[Pdns-users] What does "had X timeouts" on a slave mean and how to debug?

Joshua M. Boniface joshua at boniface.me
Wed Sep 6 22:12:49 UTC 2017


Hello list!

I'm experiencing a problem with my PowerDNS slave machines not 
performing AXFRs when notified by the master of a zone reload, and I've 
been unable to find any satisfactory answers. First, some of the 
pertinent questions:

  * What PowerDNS or dnsdist version you are using
    /PowerDNS 4.0.3/
  * What backends you use (gMySQL, BIND etc)
    /gMySQL/
  * If you are using DNSSEC
    /Yes, the zones in question are signed on the master/
  * Operating system it is running on
    /Debian Stretch (9.1)/
  * Where you got the binary from, i.e. did you compile it yourself
    (which compiler, including version), from your distribution or ports
    tree etc
    /Using version from official Debian Stretch repositories/

The specific problem I'm having can be summed up by the following two 
log lines on the slave:

 > Sep 06 14:31:33 2 slave domains need checking, 0 queued for AXFR
 > Sep 06 14:31:36 Received serial number updates for 0 zones, had 2 
timeouts

I am triggering updates via the DHCP DDNS facility documented here: 
https://doc.powerdns.com/md/authoritative/dnsupdate/#dns-update-how-to-setup-dyndnsrfc2136-with-dhcpd, 
however this problem also occurs occasionally though less frequently 
when I manually update a zone in the MySQL backend and trigger a 
"pdnsutil increase-serial <domain>" followed by a "pdns_control reload 
<domain>". This is occurring with many domains as well, though due to 
the DHCP DDNS I'm focusing on only two.

I would expect zero timeouts, however at least 50% of the time both 
relevant zone transfers time out as shown in the log above. 40% of the 
time one times out, and only 10% of the time (based on about two dozen 
tests) do both zones AXFR as expected on both slave hosts. The timeout 
time is always exactly 3 seconds after the NOTIFY is received, and I've 
not found any setting in the documentation to increase this time.

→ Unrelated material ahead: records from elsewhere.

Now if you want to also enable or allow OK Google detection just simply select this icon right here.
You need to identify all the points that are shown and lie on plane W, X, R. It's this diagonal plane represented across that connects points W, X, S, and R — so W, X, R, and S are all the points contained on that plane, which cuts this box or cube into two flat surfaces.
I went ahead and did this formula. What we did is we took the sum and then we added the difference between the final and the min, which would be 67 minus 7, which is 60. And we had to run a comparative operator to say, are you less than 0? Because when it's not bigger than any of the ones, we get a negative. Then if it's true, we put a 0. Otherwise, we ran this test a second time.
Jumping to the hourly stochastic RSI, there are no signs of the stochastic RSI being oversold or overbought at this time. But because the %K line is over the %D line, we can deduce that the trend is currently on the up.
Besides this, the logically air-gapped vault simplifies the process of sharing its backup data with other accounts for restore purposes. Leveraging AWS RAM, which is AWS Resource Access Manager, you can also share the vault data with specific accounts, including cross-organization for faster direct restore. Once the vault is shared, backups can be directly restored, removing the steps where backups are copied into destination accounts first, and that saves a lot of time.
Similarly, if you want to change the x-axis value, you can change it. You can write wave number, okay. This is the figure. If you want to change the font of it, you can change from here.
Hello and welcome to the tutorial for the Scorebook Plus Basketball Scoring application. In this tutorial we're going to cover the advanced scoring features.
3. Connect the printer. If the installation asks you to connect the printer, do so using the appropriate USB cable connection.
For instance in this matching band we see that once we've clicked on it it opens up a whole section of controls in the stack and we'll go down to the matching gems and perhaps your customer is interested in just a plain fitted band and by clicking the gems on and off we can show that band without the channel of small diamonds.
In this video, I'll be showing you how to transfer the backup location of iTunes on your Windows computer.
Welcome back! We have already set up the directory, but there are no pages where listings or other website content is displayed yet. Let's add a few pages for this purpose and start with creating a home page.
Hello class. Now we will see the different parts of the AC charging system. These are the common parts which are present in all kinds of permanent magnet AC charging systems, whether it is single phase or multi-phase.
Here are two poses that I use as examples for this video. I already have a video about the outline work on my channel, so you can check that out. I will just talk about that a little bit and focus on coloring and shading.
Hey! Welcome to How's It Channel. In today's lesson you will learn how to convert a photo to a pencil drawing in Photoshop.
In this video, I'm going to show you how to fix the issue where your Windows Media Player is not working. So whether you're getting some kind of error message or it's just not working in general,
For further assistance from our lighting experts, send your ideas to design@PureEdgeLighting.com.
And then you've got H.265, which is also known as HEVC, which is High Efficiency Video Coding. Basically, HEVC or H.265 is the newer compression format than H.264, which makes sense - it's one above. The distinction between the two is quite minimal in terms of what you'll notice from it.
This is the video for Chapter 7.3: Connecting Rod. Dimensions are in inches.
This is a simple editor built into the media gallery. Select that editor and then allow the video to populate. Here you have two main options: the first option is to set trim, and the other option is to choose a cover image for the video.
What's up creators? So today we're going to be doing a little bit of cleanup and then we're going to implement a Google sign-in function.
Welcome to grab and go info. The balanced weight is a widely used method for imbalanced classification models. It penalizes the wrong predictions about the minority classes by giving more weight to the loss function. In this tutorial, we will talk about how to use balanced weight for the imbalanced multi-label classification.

I did a packet capture on both sides of the transaction (both master and 
slave), and I see the NOTIFY packet sent by the master and acknowledged 
on the slave, however when I see the timeouts I never see the slave send 
any sort of AXFR request as I would expect. The notifies are received 
without error to both hosts every time. Given the lack of relevant 
information in these I have not included them.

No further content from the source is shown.